Research to further enable zero emissions ships

Norwegian short-sea ferries are being used to pioneer technologies such as LNG, batteries and shore power in a new research project Norwegian short-sea ferries are being used to pioneer technologies such as LNG, batteries and shore power in a new research project

A new project is using Norwegian short-sea ferries to pioneer technologies including LNG, batteries and shore power.

The Zero Emission Ferry project, which involves Rolls-Royce, Color Line, Norled and the Norwegian Coastal Administration, wants to develop a commercially attractive electrical system that provides efficient power output and stable operations, is cheap to run, easier to integrate and has a lower environmental impact.

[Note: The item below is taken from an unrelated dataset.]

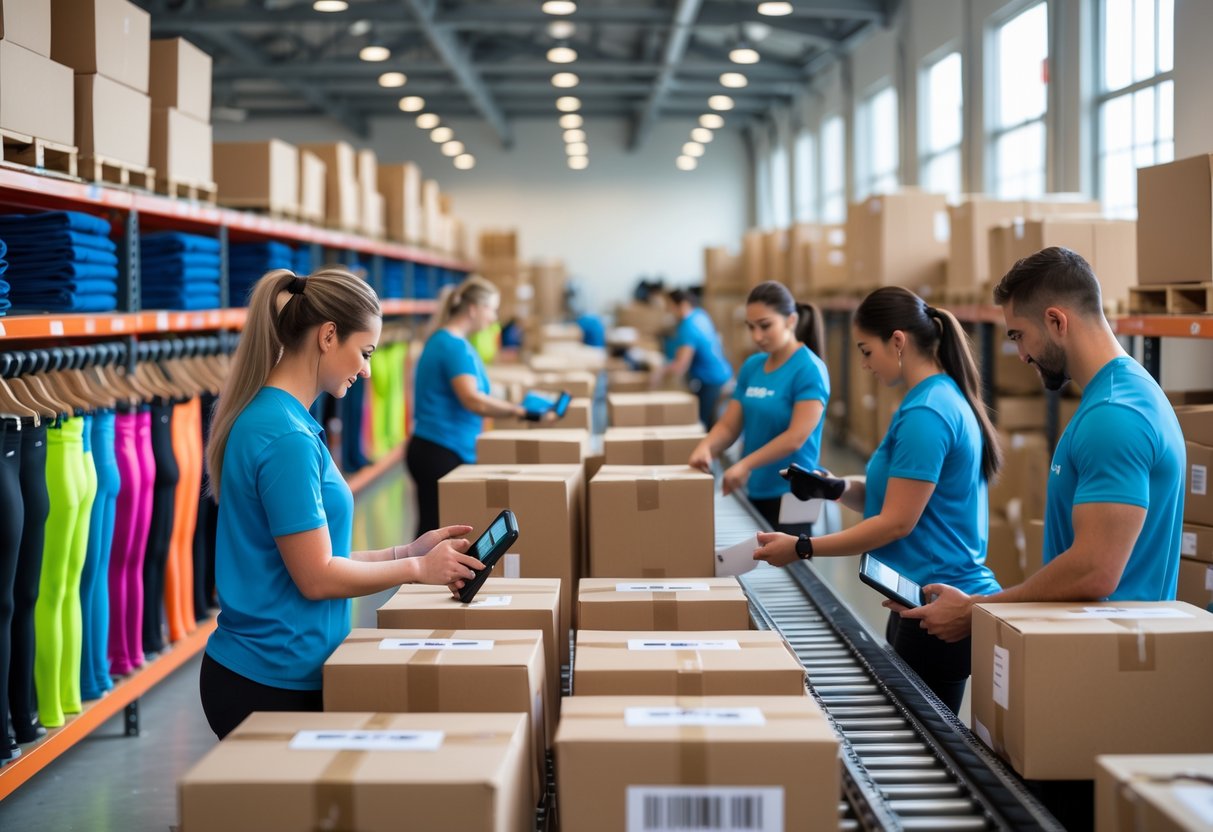 Workers packing fitness clothing in a warehouse with shelves of athletic apparel and shipping boxes.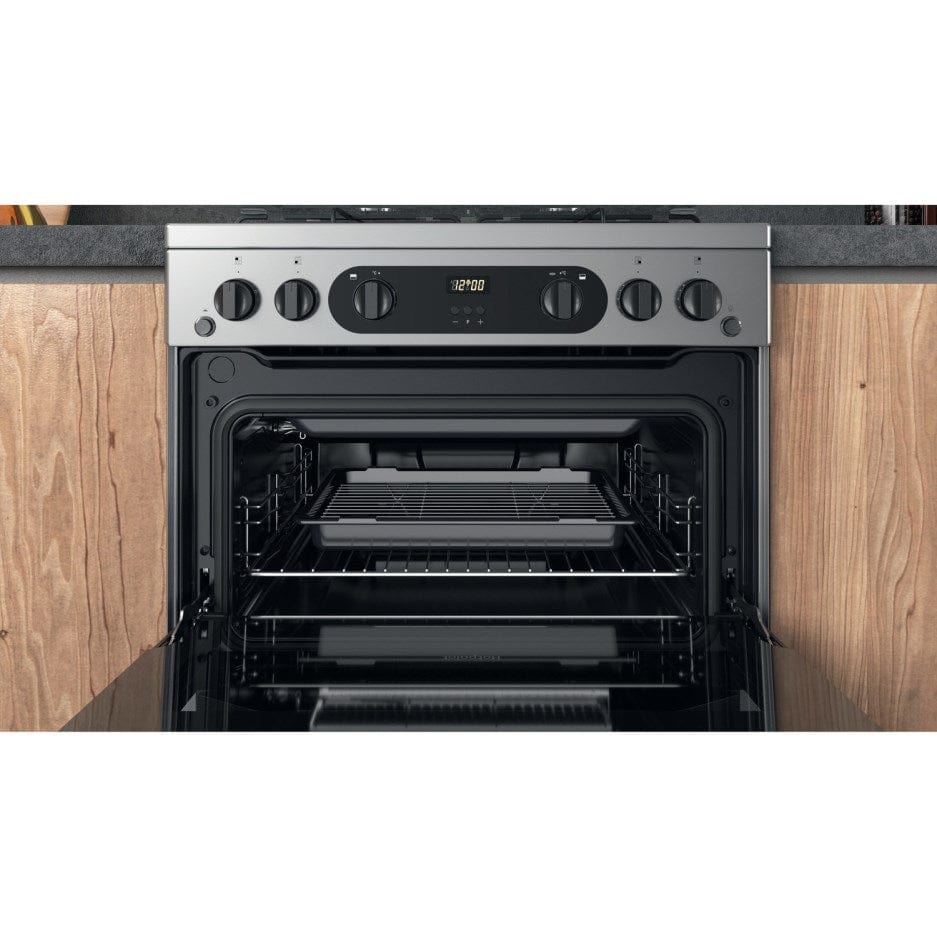 Hotpoint HDM67G0CCX 60cm Gas Double Oven Cooker Inox with Black Controls | Atlantic Electrics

“This project is completely in line with our environmental strategy, in which the electrification of the fleet plays a key role,” said Johann Martinussen, superintendent automation & control, Color Line.

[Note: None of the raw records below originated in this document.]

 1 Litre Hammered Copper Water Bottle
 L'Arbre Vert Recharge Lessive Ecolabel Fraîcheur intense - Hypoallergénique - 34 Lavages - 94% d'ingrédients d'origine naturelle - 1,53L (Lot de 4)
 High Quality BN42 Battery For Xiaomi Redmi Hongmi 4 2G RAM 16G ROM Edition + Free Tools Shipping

“We want to exploit the energy on board more efficiently, reduce the operating time for our onboard machine park and ensure that we cover a larger proportion of our energy consumption from ‘green’ onshore power rather than fossil fuels.”

Environmental ambitions

The four partners aim to achieve this by investigating new ways of combining systems for energy storage, energy management, onboard energy distribution and recharging.

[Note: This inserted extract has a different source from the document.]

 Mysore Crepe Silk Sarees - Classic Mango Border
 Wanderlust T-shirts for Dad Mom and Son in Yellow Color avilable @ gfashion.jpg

Work is already well underway, and the two ferry operators have specific goals with regard to the outcome.

The Marine division of Rolls-Royce is the consortium’s technology partner and will provide both financial and manpower.

“The aim is for the entire system or its component parts to be capable of use on both short-haul car ferries and big cruise ferries,” said Sigurd Øvrebø, general manager product electric and power at Rolls-Royce Marine.

“Norway is far out in front with regard to green shipping and we see an international export potential for these kinds of systems.”

This new project has received a NOK 5.9 million grant from the Research Council of Norway’s ENERGIX programme.

The ENERGIX programme demands practical results in return for its support and the objective is to follow-up this two-year research programme with three full-scale installations.